‘Values’ is such a funny word, isn’t it?
It means very different things to different people.
One summer, a long time ago, I had a part time job at one of the Edinburgh Festivals. It was nothing very glamorous – just some front-of-house work – but I remember overhearing my manager talking about me to another staff member and saying that I had ‘good values’. It remains one of the highest compliments I’ve ever been paid.
I think very often when we talk about our blogs, and question what the ‘value’ of our blog is, we usually mean in a monetary sense. There was a great post about that over at Geekalicious the other week, written by Molly from Mothers Always Right
But I think it can also be useful sometimes to consider the other meaning of the word. Are we blogging with integrity? Are we staying true to ourselves? Does the image of us that our blog projects align with what our values are?
I hope mine does, but I can’t be sure.
I’ve been all over the place recently trying to pin down my blog identity. After getting slightly overwhelmed and disillusioned by the massive commercial presence at BritMums Live, I decided not to do any reviews on my blog at all for a while. I’ve relaxed that self imposed rule now, and have recently run a couple of reviews… but I still question myself quite strongly before saying yes to PR requests.

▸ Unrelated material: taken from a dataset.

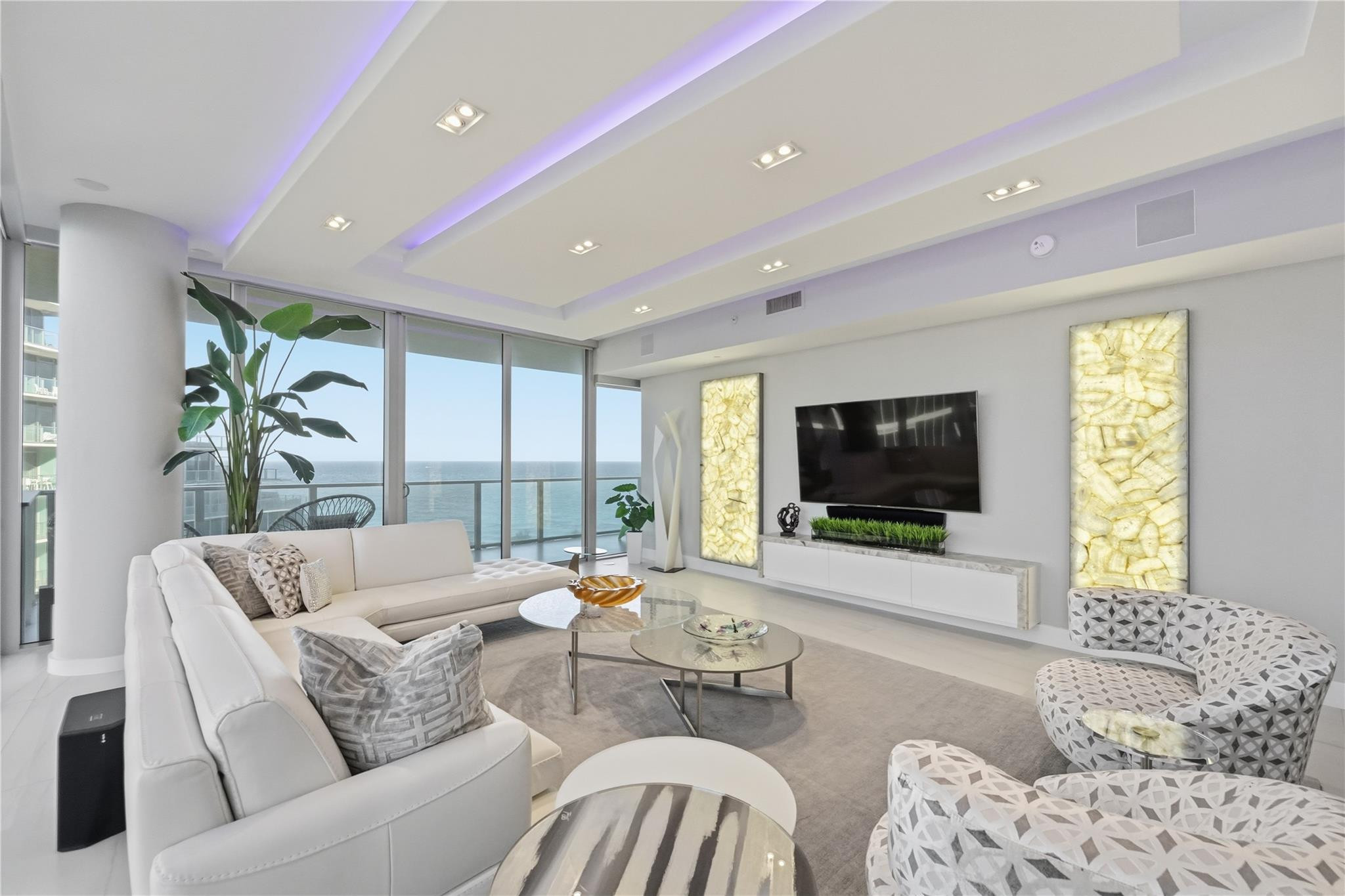 AUBERGE BEACH - Residential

If I’m honest, I think I can probably write one vaguely entertaining review of a craft box, or a photo book, or some cosmetics, but if I tried to do it every week it would become boring for me as a writer, and boring for you as a reader. No matter what the request is – however big or small it is – if I say yes to things just to get a freebie, rather than because I think I can write something interesting about it, I see that as compromising my values.
Similarly, I would struggle to write about a product or attend an event if the company producing it didn’t share my values.
Recently I’ve had to start asking those questions in relation to journalist requests too. At least once or twice a week I get an email or a tweet asking if I would be happy to be featured in this or that magazine or newspaper, talking about this or that issue. Sometimes the opportunities are brilliant – I spent this morning having my photo taken and taking part on a roundtable discussion with some incredibly inspirational women for an upcoming feature in a women’s glossy– but very often they’re not.
Every time an older male celebrity marries a younger woman, I can guarantee my inbox will be flooded with interview requests… and every time I turn them down. I chose to write about that aspect of our marriage once – and was lucky enough to have it published in a newspaper whose values mainly align with mine.
But even when the financial rewards would be high, I don’t want to repeat that in other publications. I feel like it would be hugely hypocritical of me to write a lefty, green, feminist blog, and then promote that blog in papers with an opposing agenda.
We all have different principles, and priorities, and that diversity is part of what makes the blogging community so interesting. But I don’t think it’s a bad thing to step back sometimes and ask ourselves what the values are that define us, so that we are better able to stay true to them, and to try and blog in a way that reflects them.